Earlier, in 2014, another group of researchers reported a record dive of Cuvier whales with their beaks, which lasted 2 hours 17.5 minutes. However, when the authors of the new study examined the data from 2017, they found a pair of extreme dives made by one whale, which destroyed existing records. The first dive lasted 2 hours and 53 minutes, and this new record quickly surpassed an even longer dive by 3 hours and 42 minutes, according to the study.
“It goes against what we think mammals should do,” Quick said.
Even more surprising was the discovery that the recovery time of whales that dived deep and long was not necessarily longer than that of whales that performed shorter and shallow dives. Extreme loads are costly for most mammals, and they usually require a long period of rest and recovery. Data from thousands of whale dives show that these too long dives have pushed the whale’s endurance limit, “so we really expected that these long dives would increase recovery time,” Quick said.
Instead, the researchers found no clear pattern during whale rest. One whale was submerged for 78 minutes, after which it lasted almost 4 hours, during which it made smaller dives mixed with surface breaks. Another whale completed a 2-hour dive and resumed a deep dive for 20 minutes.

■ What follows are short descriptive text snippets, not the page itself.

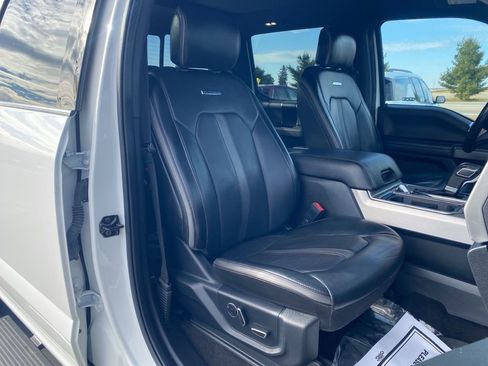 Used 2020 Ford F150 Platinum w/ Equipment Group 701A Luxury image 26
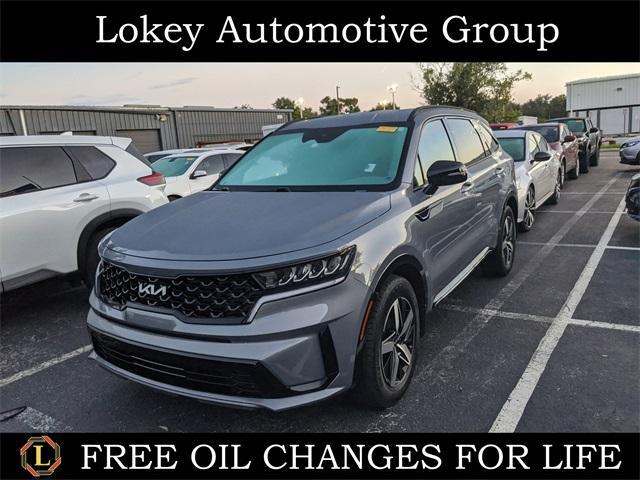 used 2023 Kia Sorento car, priced at $25,677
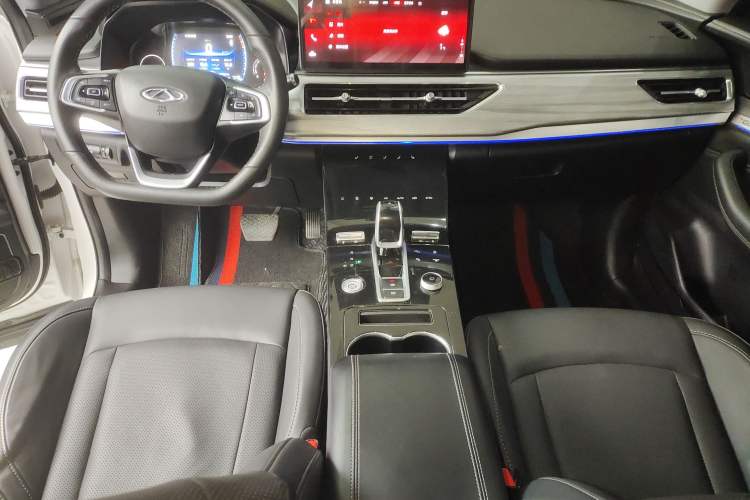 Used Chery Tiggo 8 2021 Kunpeng Edition 290TGDI Automatic Zhubfeng Version Center Console
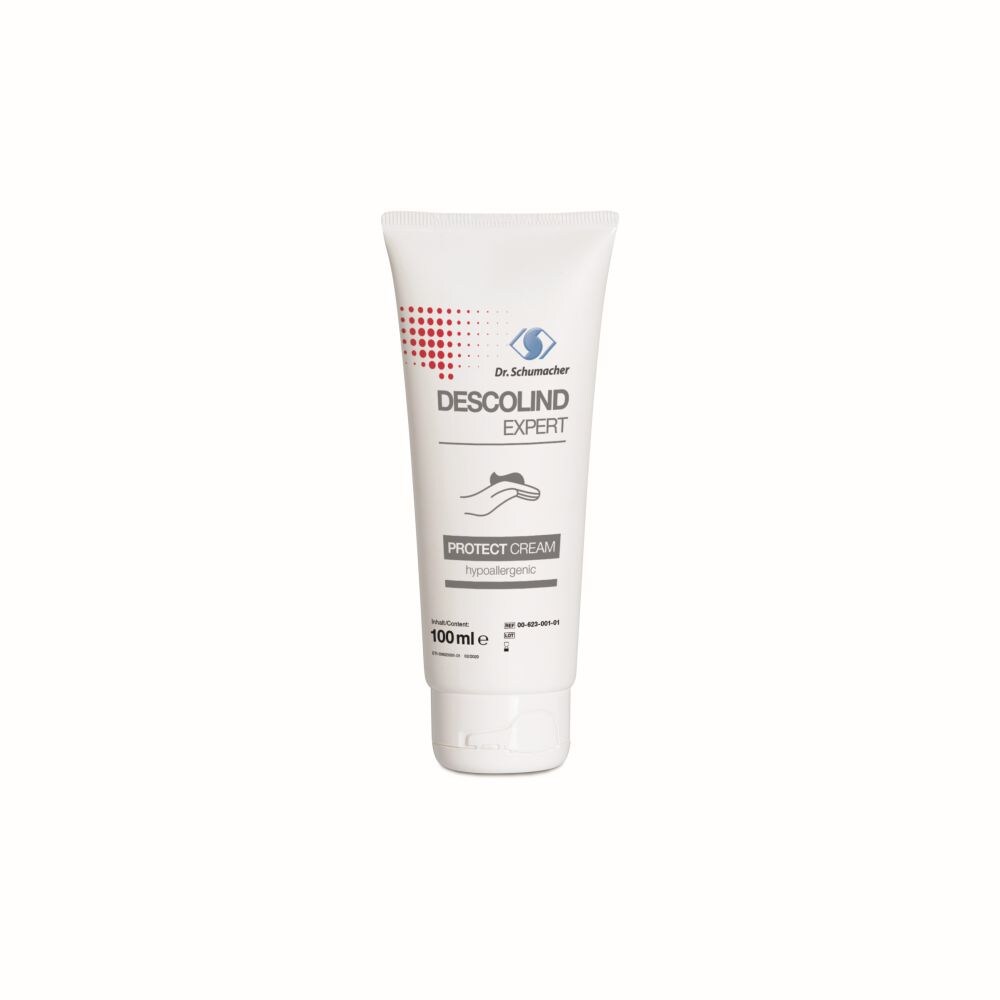 Descolind Expert Protect Cream - 12 x 100 ml - hypoallergener Hautschutz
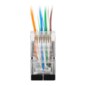 Lanberg PLS-6020EZ conector RJ45 Transparente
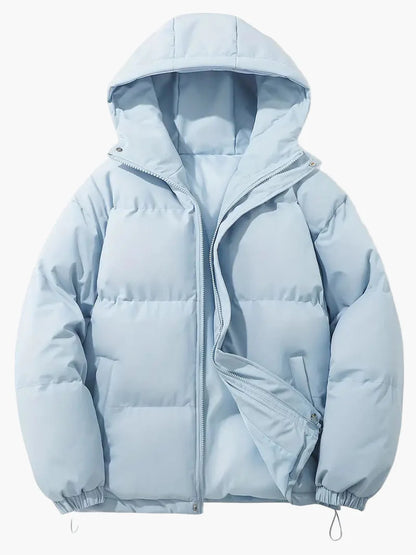 Veste doudoune homme capuche style classique pour hiver – Élégance et chaleur urbaine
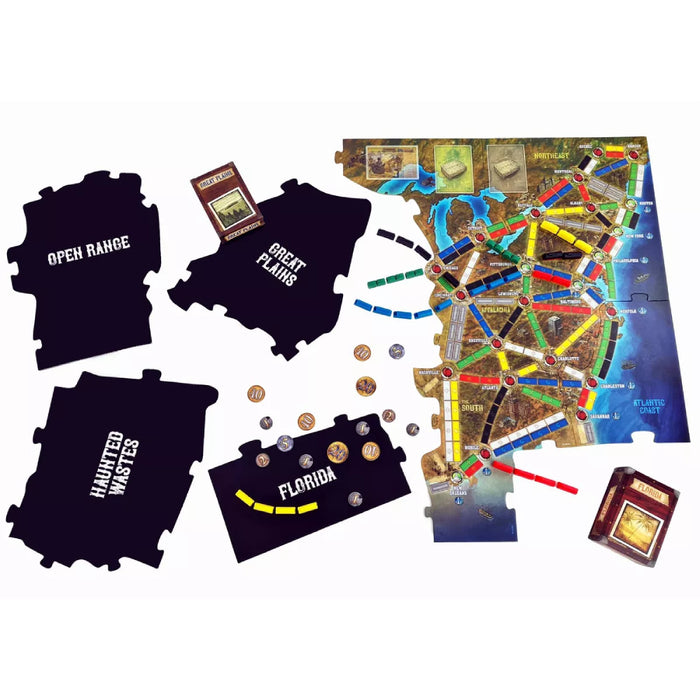 Ticket to Ride Legacy - Legends of the West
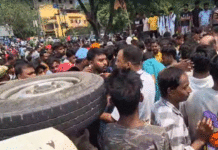 আসানসোলে ভয়াবহ পথদুর্ঘটনা: বাইক আরোহীর মৃত্যু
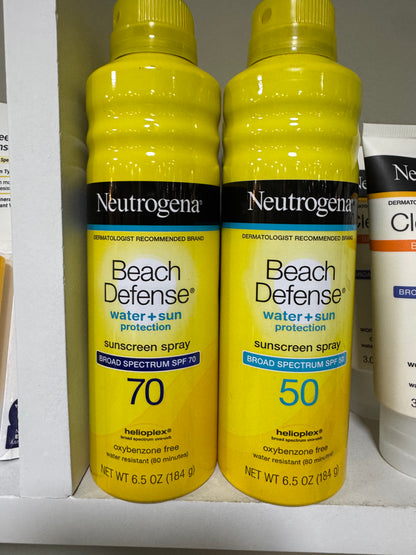Protectores Neutrogena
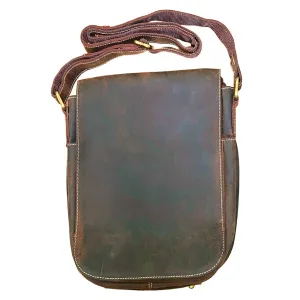 Hunter Leather Messenger Bag - VL177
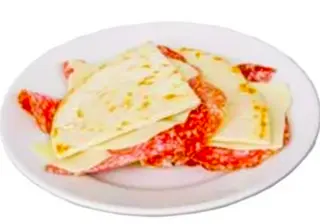 Piadina con salame Milano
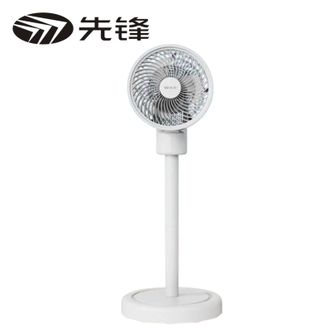 先锋  空气循环扇大风量摇头电风扇落地台地扇家用卧室遥控风扇循环扇办公室大风力电扇 DXH-S12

One possible explanation is that whales have metabolically untied the mechanisms that provide them with oxygen and eliminate muscle fatigue – even if they are tired after these extreme dives, Quick said.
On the other hand, “perhaps what we consider extreme for these guys, based on what we know at the moment, is simply not extreme for them,” she added.
The findings were published online today (September 23) Journal of Experimental Biology.